He said Kenya is not an island and added that since GMOs exist and the fact that borders are porous, the law would provide safeguards.

He said biotechnology is meant to assist to do more using less resources given that Kenya?s productive arable land is merely a third of the land mass.

He said the difference between the industrialized countries and the developing ones is the technological gap.

Countries that are more advanced in technology also happen to be advanced economically and in all other sectors.

So until Kenya bridges this gap by taking advantage of technology, it is always going to lag behind the countries that were the first to take advantage of technology.

According to William Ruto, minister for agriculture, Kenya is lagging behind in putting a legal framework in place to facilitate faster and coordinated research activities, especially in the various arms of agriculture and GMO-related fields.
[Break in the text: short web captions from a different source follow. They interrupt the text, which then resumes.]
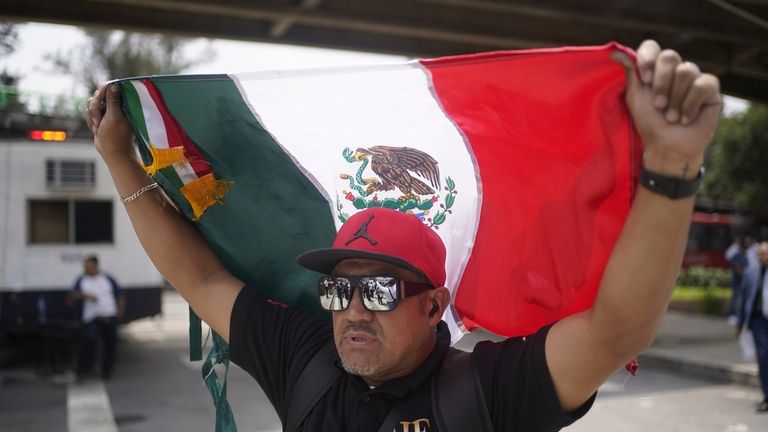 Judicial worker Marcos Arenas holds up a Mexican flag during...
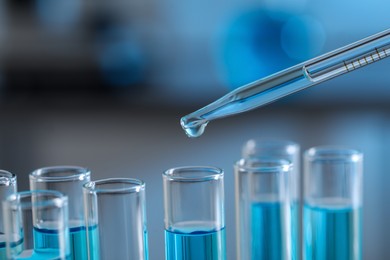 Photo of Dripping liquid from pipette into test tube in laboratory, closeup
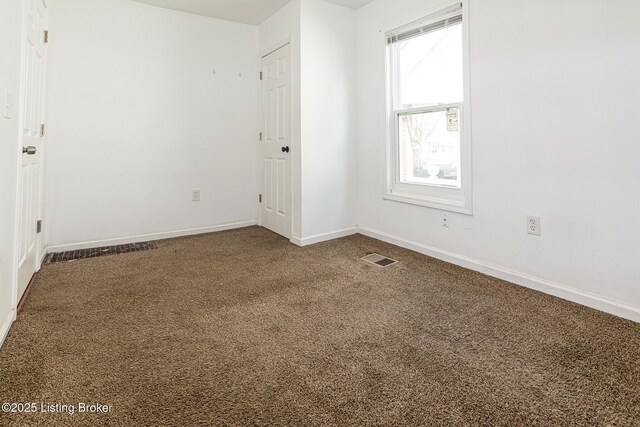 spare room featuring carpet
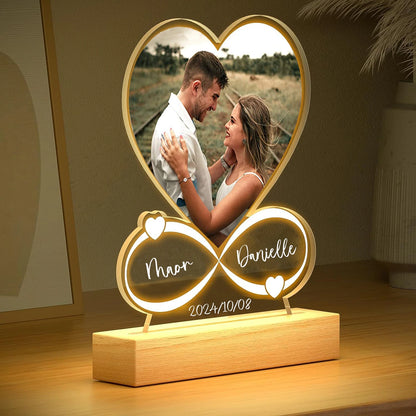 Personalized photo lamp with a heart design, showing a couple and engraved names and date.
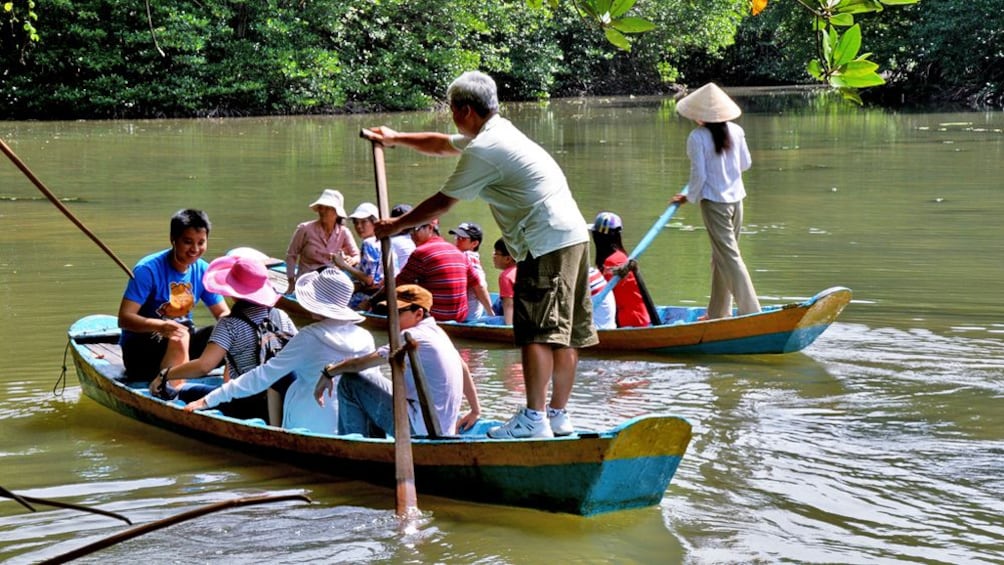 Two tour groups in boats on a river in Vietnam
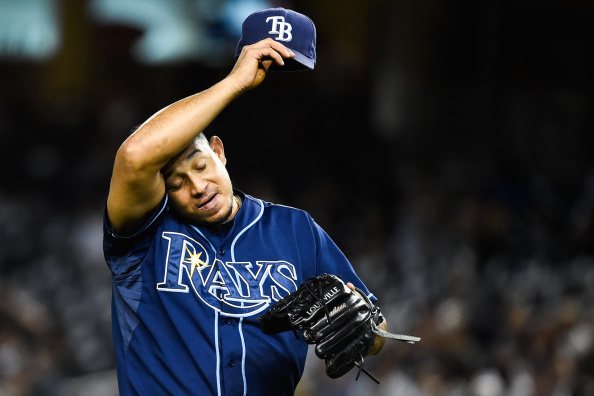 Joel Peralta of the Tampa Bay Rays wipes his forehead.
Uganda and Tanzania, said Ruto have already enacted the Biosafety Bill, a crucial requirement of the Cartegena Protocol. Ruto said the benefits arising from the enactment of this Bill are enormous.

It gives this country the opportunity in a comprehensive and coordinated manner to benefit from research.

He said the passing of the Bill would be testimony of confidence law makers have on local expertise ranging from university and research institutions who were involved in its development.

Ruto warned that Kenya being the entry port for a number of countries whose laws do not prohibit use and importation of GMOs is already exposed and desparately needs the Biosafety Law that would provide necessary instruments to ensure that there is passage or use of GMOs in the country.

Opposing the Bill in the Parliamentary debate, Silas Ruteere pointed out in countries where GMO technology is used, such crops are solely used for animal feeds and not for human consumption.

Those Kenyans MPs in support of the Biosafety Bill point out to the fact the country is still begging and imports food to feed her 5 million people who are food insecure whne technologies exist that could boost crop yield per hactares.

But those MPs opposed say Kenya and indeed Africa is food insecure not for lack of GMOs but for lack of proper planning adding that low irrigation, lack of water harvesting coupled with poor infrastructure and effects of climate change is hampering coutnries in the region from ensuring food security of her citizens.